There is a table of initial data with the following column structure (N-number of the measurement from the beginning of the year + 300 columns of the results of measurement).
For it in the future, it is required to repeatedly receive statistical data for a certain interval of measurements. For example, to determine how much for the interval from 10 to 472 measurements for each of the data columns were unique values, average, maximum minimum value, etc.
To optimize the acquisition (in order not to calculate the values ​​each time), a КэшСтатистики table was КэшСтатистики with the columns КэшСтатистики + Статистические_данные out of range.
When receiving data from 10 to 472 measurements, they are immediately taken from the КэшСтатистики table, and if you need values, for example, from 8 to 478, you can measure them directly from the source data table, or take the calculated results from the КэшСтатистики for the range 10..472 and aggregate with the remaining Measurements 8, 9, 473..478.

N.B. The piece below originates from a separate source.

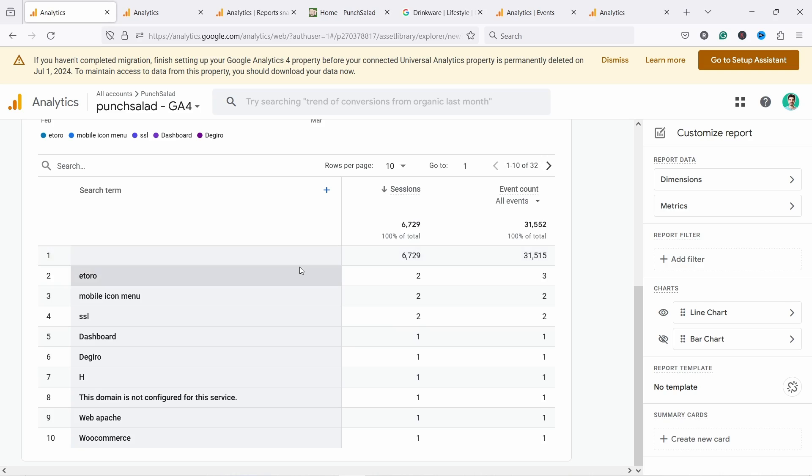I'll teach you how to see internal search terms in Google Analytics 4, so you can see what keywords people search on your website. You can then use this data to show better search results, generate new product ideas, and improve your website in general. If you have the basic eCommerce tracking installed, GA4 will in most cases automatically track this data.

The question is how to build a query that would give the maximum combination of calculated intervals for a given range of measurements from the КэшСтатистики table КэшСтатистики order to less calculate the source data

    1 answer 1

    In general, as something like this:

     select col1, col2, ... from Кэш where "НачальныйЗамер">=$start and "КонечныйЗамер" <=$end union all select col1, col2, ... from "Данные" left join ( select "НачальныйЗамер", "КонечныйЗамер" from Кэш where "НачальныйЗамер">=$start and "КонечныйЗамер" <=$end ) A on "Данные".N between A."НачальныйЗамер" and A."КонечныйЗамер" where "Данные".N between $start and $end and "Данные".N and A."НачальныйЗамер" is null 

    $start and $end range for which data is needed. Only no one said that it would be faster than work on the source data. Try it, see the execution plans. For different DBMS, it may be possible to come up with more optimal options.

    And it is also interesting what is "and so on" in the enumeration of "maximum, minimum, average". Not all indicators can be calculated from already collected data. What is the weighted average cache you do not get.